Die Anstiege könne man teilweise auf Erweiterungen, Baumaßnahmen und gestiegene Anforderungen, zum Beispiel durch den Ganztagsbetrieb an Schulen, zurückführen. Im Haus des Bürgers sei die intensive Nutzung im vergangenen Jahr Grund für den Verbrauchsanstieg gewesen. Beim Wasserverbrauch leisteten zudem eine hohe Anzahl defekter Spülkästen einen Anteil am Mehrverbrauch.

Stefan Jakobs machte aber auch deutlich, dass der vergleichsweise hohe Anstieg des Verbrauchs im Zusammenhang mit der sehr guten Bilanz der Gemeinde gesehen werden müsse. Bei einem geringen Verbrauch fallen diese konkreten Steigerungen höher aus.

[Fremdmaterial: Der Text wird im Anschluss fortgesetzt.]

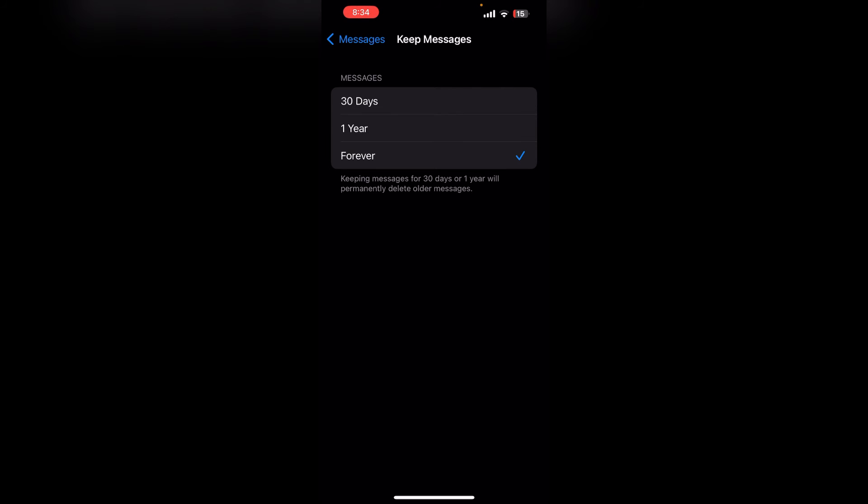Make sure to check the Forever option to keep your old messages. And there you have it - you have successfully disabled the auto-delete feature for old conversations on your iPhone. Now you can keep all your important messages for as long as you want.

In den Gebäuden der Gemeinde wurden eine Reihe von Maßnahmen umgesetzt, um den Verbrauch zu reduzieren. So wurden beispielsweise in der Turnhalle der Realschule und in den Fluren und Toiletten der Grund- und Werkrealschule Präsenzmelder eingebaut. Am Bauhof wurde das Dach der Fahrzeughalle saniert und im Geräteraum der Turnhalle der Werk- und Realschule wurde eine Dachdämmung eingebaut. Zudem wurde ein neues gedämmtes Tor bei der Feuerwehr Biesingen eingebaut.